The Company expects the Financial Times Group will report good revenue growth for the full year, in spite of a slow fourth quarter caused by weaker advertising sales. Digital and subscription-based revenues continue to grow well at both the FT and Mergermarket, although profits will be constrained by further actions to accelerate the shift from print to digital. The Penguin business benefited from a good fourth-quarter publishing performance and traded in line with our expectations in its key selling season.


If Pearson chooses to dispose of the Financial Times Group in 2013 as has been widely rumoured and the Penguin JV with Bertelsmann clears the necessary regulatory hurdles, the remaining wholly owned business will represent an All-In bet on the education and training sectors.

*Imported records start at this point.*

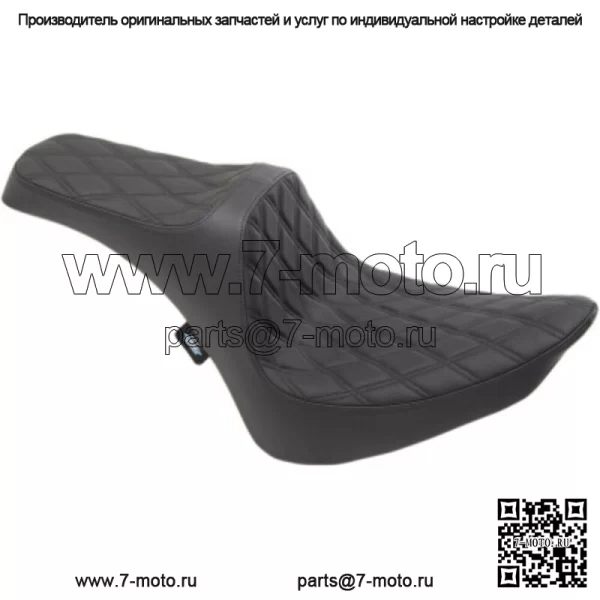 Predator III Black Diamond Seat Harley Softail FXST FLST 84-99 (Для: Harley-Davidson)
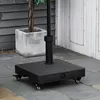 Outsunny Sonnenschirmständer mit Roller befüllbar bis 20 kg Produktbild-Vorschau 2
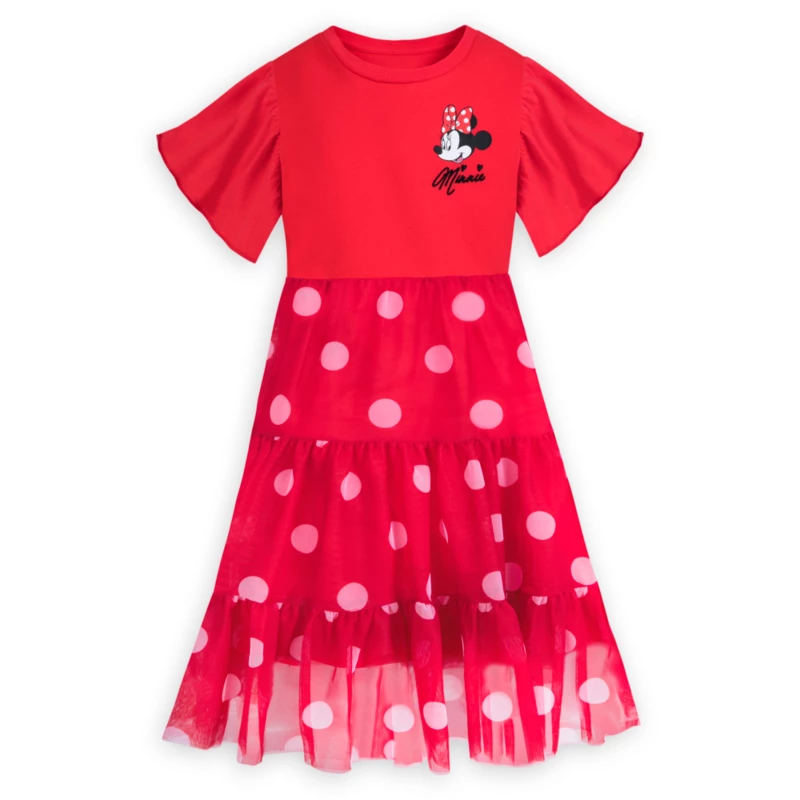 Minnie Mouse Knit Dress For Girls 5 Minnie Mouse Knit Dress For Girls - Image 3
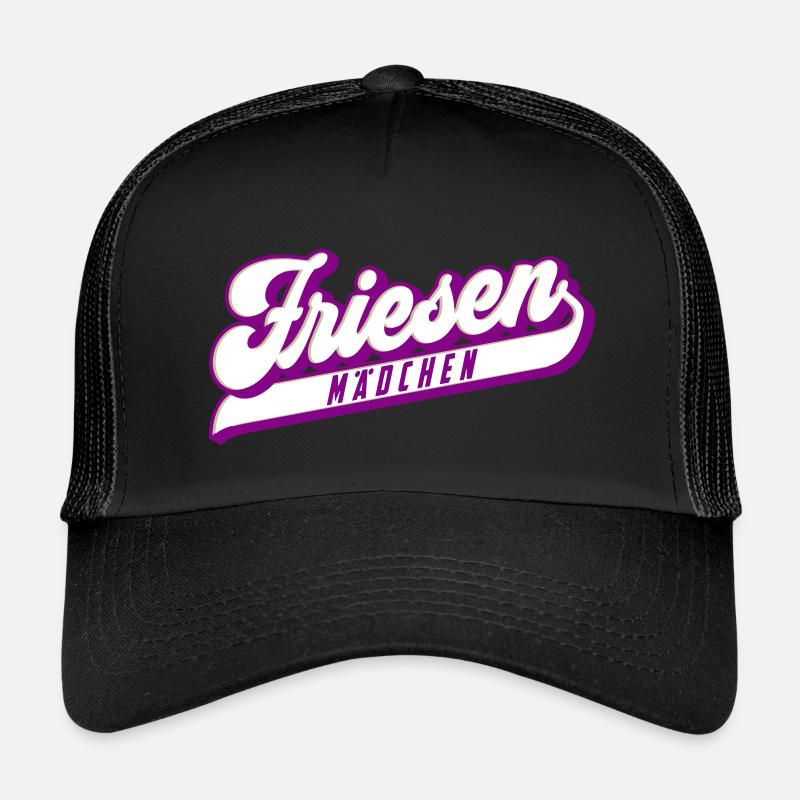 Friesen Mädchen | Farben änderbar Kinder Trucker-Cap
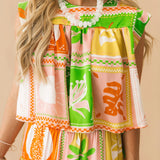 Paige Short Sleeve Top | Amalfi Coast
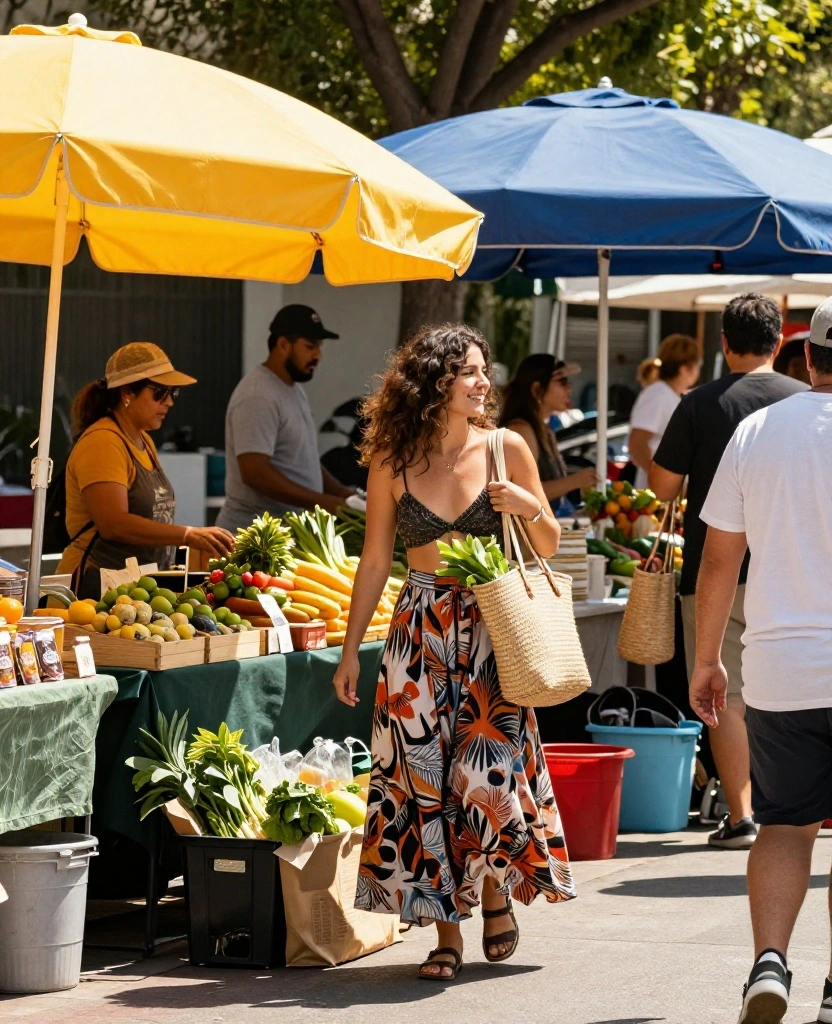 17 Perfectly Comfy Outfits for San Diego Adventures in May (Don’t Miss #9!) 50 what to wear in San Diego in May 17 Perfectly Comfy Outfits for San Diego Adventures in May (Don’t Miss #9!) - 8. Flowy Skirt and Crop Top 1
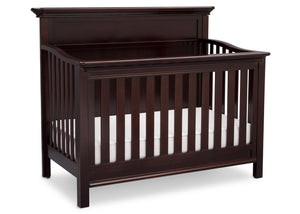 Serta Dark Chocolate (207) Fairmount 4-in-1 Crib, Side View with Crib Conversion c4c 16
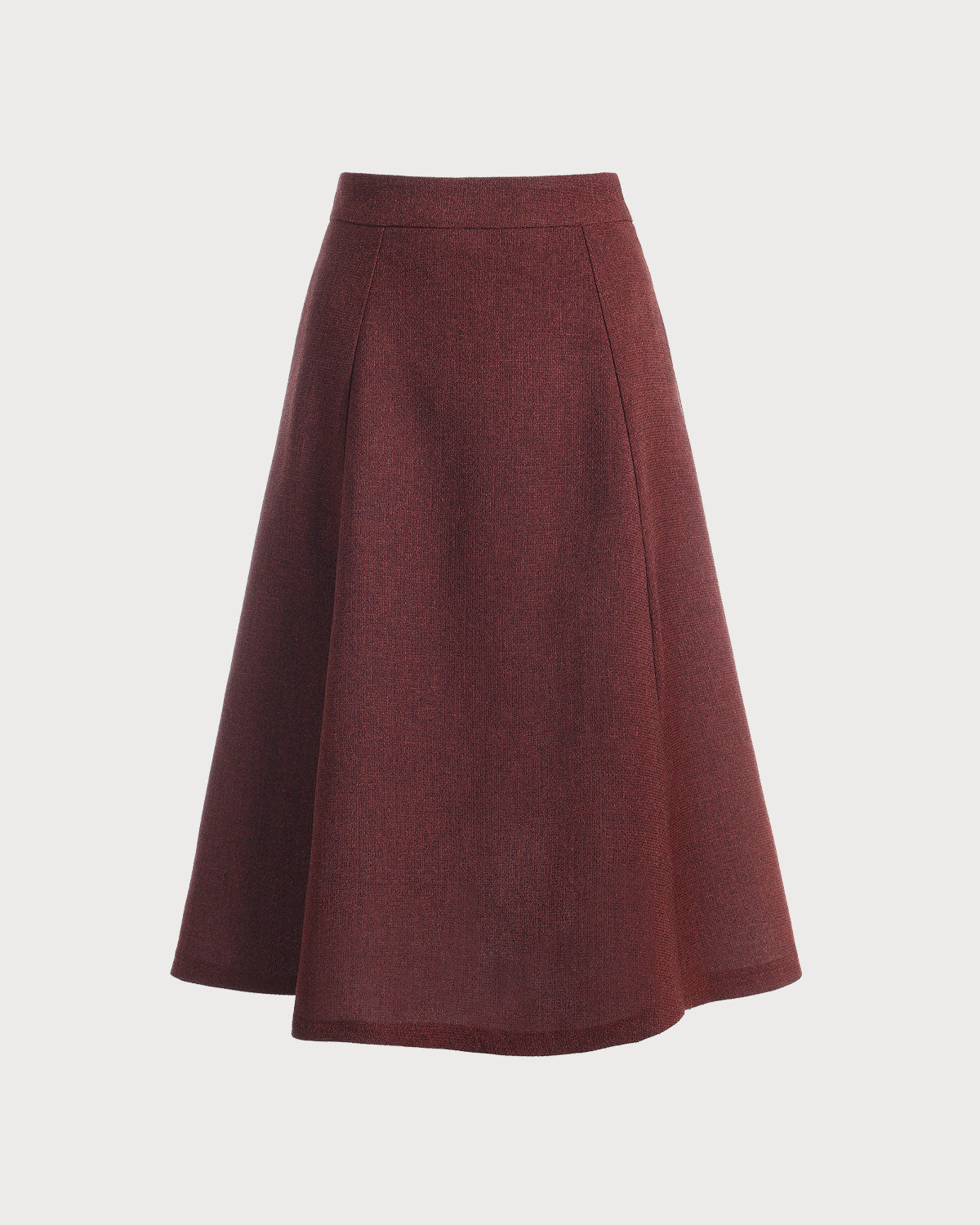 Women's Midi Skirt | A-Line High Waist Tweed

The question investors will inevitably be asking is whether now is the right time to be placing such a bet on a sector which ultimately depends, to a greater or lesser extent, on state funding at a time when governments around the world are severely budget constrained and will remain so for many years to come.  The collapse of the Pearson in Practice business is also a useful reminder that Pearson’s management is not infallible and demonstrates how a sudden and relatively small change in government policy can result in the collapse of a once strong business unit.

Disruptive technological change has the power to destroy capital formation and to do so in a blink of the eye. The education sector is arguably more affected by these trends than many other sectors. Although Pearson is a pioneer in the digitisation of information its pre-eminence is no guarantee of continued success. 

We have been impressed by Pearson’s ability to build up subscription revenues for its online content at both the FT and Mergermarket. Not only has this helped strengthen the Company’s cashflows, as subscriptions tend to be paid up front, it has also shown how online consumers are willing to pay a premium for quality content delivered by a strong brand.

We think the FT is a quality brand with an intrinsic value far higher than that which is inferred from Pearson’s forward earnings multiple. This may tempt management to cash in but it only makes sense if it is able to re-invest the proceeds to achieve superior returns on capital in the education sector over the long term.  We do not believe returns on capital in the education sector will be superior to those currently achieved in the FT businesses and any economic recovery is likely to boost spending on subscriptions and advertising long before governments feel able to start spending on education at historic levels adjusted for inflation.